Thus, the Supreme Court in Lambert drew the line in the constitutional sand on the basis of “passive” versus *46“active”' — a notion which the dissenting justices easily exposed as a contrivance employed to reach a result deemed just and desirable by the majority of the court. Mr. Justice Frankfurter, writing the dissent, pointed out that:

“The present laws of the United States and of the 48 states are thick with provisions that command that some things not be done and others be done, although persons convicted under such provisions may have had no awareness of what the law required or that what they did was wrongdoing .... Considerations of hardship often lead courts, naturally enough, to attribute to a statute the requirement of a certain mental element — some consciousness of wrongdoing and knowledge of the law’s command — as a matter of statutory construction .... But what the court here does is to draw a constitutional line between a state’s requirement of doing and not doing. What is this but a return to year book distinctions between feasance and nonfeasance — a distinction that may have significance in the evolution of common-law notions of liability, but is inadmissible as a line between constitutionality and unconstitutionality.”

Thus, it is apparent that the Supreme Court was not determining the location of the line on the basis of a distinction between “active” and “passive” but rather on whether the right result is clearly recognizable — as it was in Lambert, and, I believe, is certainly here. So, I would here, for various considerations, hardship included, “attribute to [this rule] the requirement of a certain mental element — some consciousness of wrongdoing and knowledge of the [rule’s] command — as a matter of statutory construction.”

*47(5) The decision of the United States Supreme Court in the more recent case of Staples v. United States, 511 U.S. 600, 114 S.Ct. 1793 (1994) confirms this conclusion.

In that case, Staples was charged with possessing an unregistered machine gun in violation of 26 U.S.C. §5861(d). The weapon in question was a semiautomatic rifle — not a machine gun — which had been modified to provide fully automatic fire. Staples maintained that he was ignorant of any automatic firing capability. The district court refused, however, to charge the jury that the government was required to prove that Staples knew of that capability. He was convicted and the court of appeals affirmed. The Supreme Court reversed.

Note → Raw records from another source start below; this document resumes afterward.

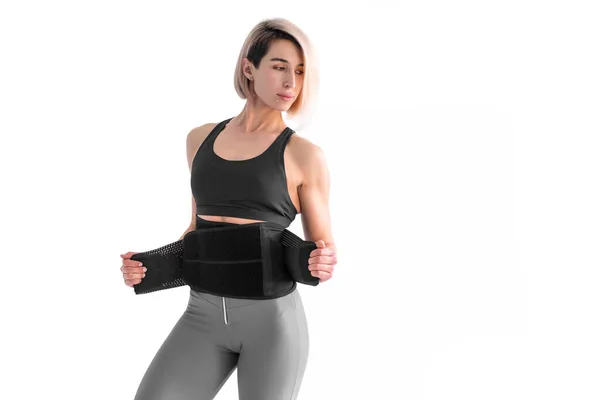 Mädchen tun Fitness Rückengürtel Abnehmen isoliert auf weißem Hintergrund — Stockfoto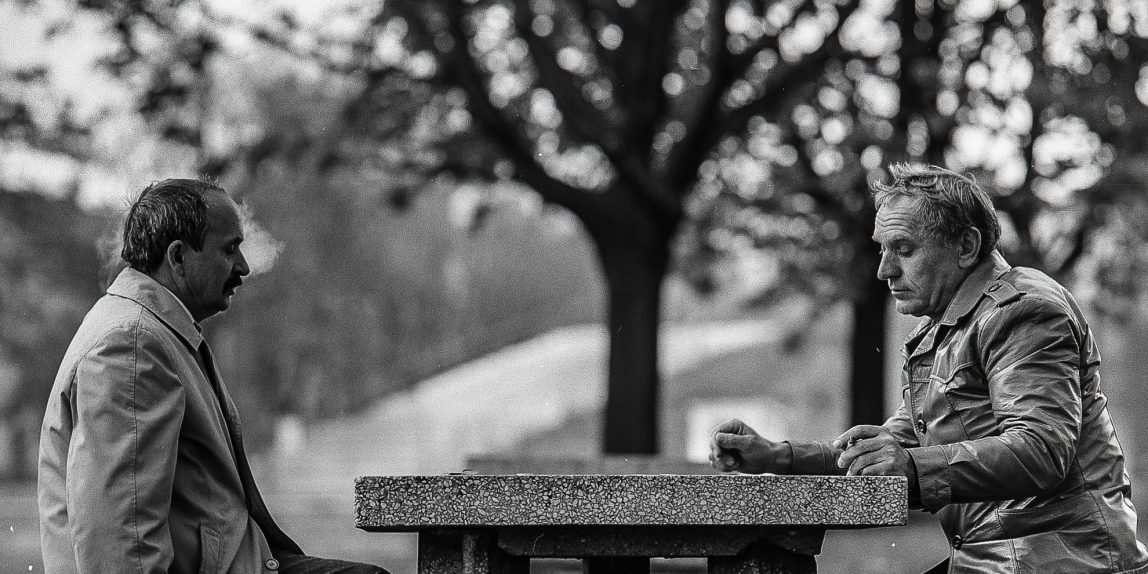 W parku przy warcabach - park 3 maja Łódż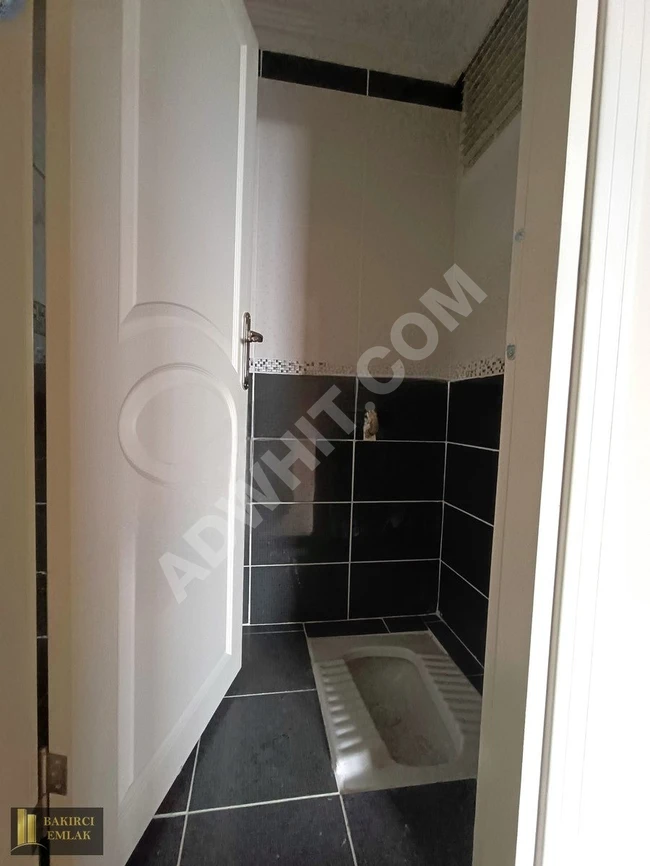 2+1 apartment with an area of 85 square meters, with a balcony and housing permit, elevated ground floor in SEFAKÖY TEYFİKBEY.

The Supreme Court construed the statute requiring the registration of machine guns as requiring a showing of mens rea even though the statute was silent on that subject. Its holding was based on two major points:

“(1) the nature of the regulated conduct (the ownership of firearms) was not such that would alert gun owners to the likelihood of regulation (because owning guns is lawful), and
“(2) the penalty attached was not relatively small as are those commonly associated with ‘public welfare offenses,’ but severe (up to 10 years imprisonment), so that it was unlikely that Congress intended to dispense with mens rea as a necessary element of the offense.”

On the first point, after noting that the statute was silent concerning the mens rea required for a violation, the court, drawing liberally from its earlier opinion in Morissette, supra, stated:

“[T]he existence of a mens rea is the rule of, rather than the exception to, the principles of Anglo-American *48criminal jurisprudence. . . . Relying on the strength of the traditional rule, we have stated that offenses that require no mens rea are generally disfavored, Liparota, supra at 426, and have suggested that some indication of congressional intent, express or implied, is required to dispense with mens rea as an element of a crime.” Id. at 605-606, 114 S.Ct. at 1797.

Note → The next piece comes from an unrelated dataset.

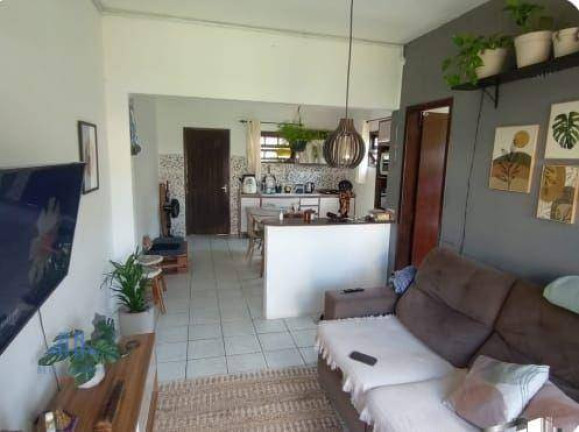 Imagem Casa com 2 Quartos à Venda, 200 m² em Barra Da Lagoa - Florianópolis Imagem Casa com 2 Quartos à Venda, 200 m² em Barra Da Lagoa - Florianópolis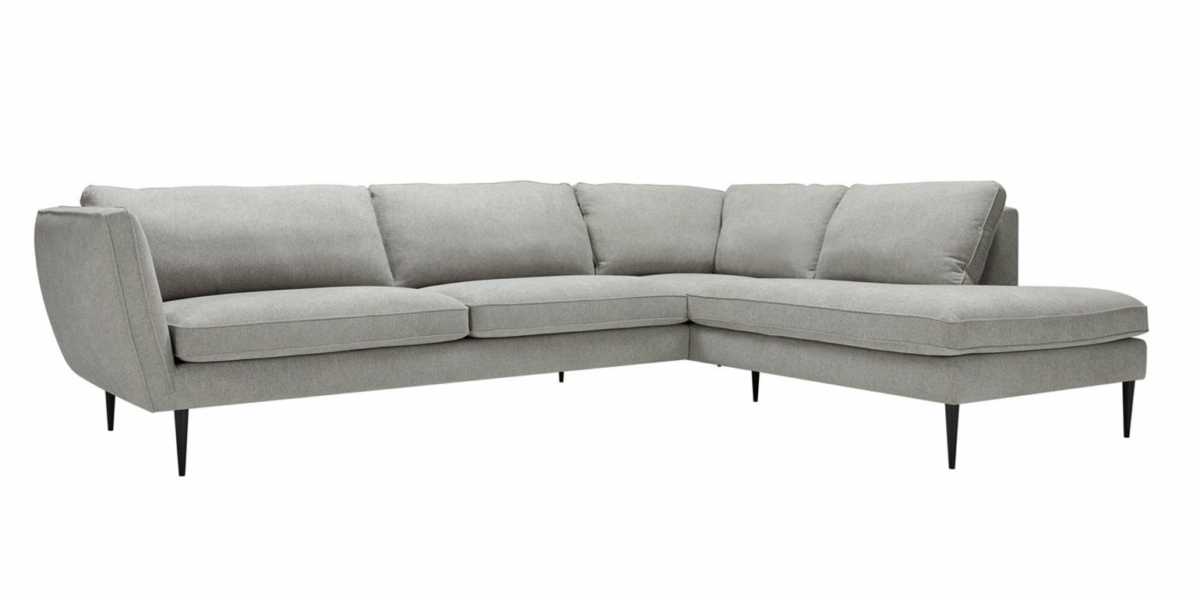 Découvrez notre canapé gris en L avec des pieds noirs fins et des coussins moelleux, mis en valeur sur un fond blanc immaculé. Rehaussez votre espace de vie avec ce mélange de confort et de qualité, parfait pour tout showroom moderne. Canape Paris by Atelier Bis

Referring to “public welfare offenses” which do. not require mens rea, the court stated:

“Typically, our cases recognized such offenses involve statutes that regulate potentially harmful or injurious items. ... In such situations, we have reasoned that as long as a defendant knows that he is dealing with a dangerous device of a character that places him ‘in responsible relation to a public danger,’ Dotterweich, supra at 281, he should be alerted to the probability of strict regulation, .... Thus, we essentially have relied on the nature of the statute and the particular character of the items regulated to determine whether congressional silence concerning the mental element of the offense should be interpreted as dispensing with conventional mens rea requirements.” Id. at 607, 114 S.Ct. at 1798.

In this context, the court addressed the possession of firearms which was involved in the case at hand, as follows:

“But that an item is ‘dangerous,’ in some general sense, does not necessarily suggest, as the government seems to assume, that it is not also entirely innocent. Even dangerous items can, in some cases, be so commonplace and generally available that we would not consider them to alert individuals to the likelihood of strict regulation. As suggested above, despite their potential for harm, guns generally can be owned in perfect innocence. Of course, *49wé might surely classify certain categories of guns — no doubt including the machine guns, sawed-off shotguns, and artillery pieces that Congress has subjected to regulation — as items the ownership of which would have the same quasi-suspect character we attributed to owning hand grenades in Freed. But precisely because guns falling outside those categories traditionally have been widely accepted as lawful possessions, their destructive potential, while perhaps even greater than that of some items we would classify along with narcotics and hand grenades, cannot be said to put gun owners sufficiently on notice of the likelihood of regulation to justify interpreting section 5861(d) as not requiring proof of knowledge of a weapon’s characteristics.” Staples v. United States, 511 U.S. at 611-12, 114 S.Ct. at 1800.

. If the dangerousness of firearms is not enough to alert an individual to the likelihood of regulation so as to justify dispensing with mens rea, then neither is soliciting funds for the Boy Scouts.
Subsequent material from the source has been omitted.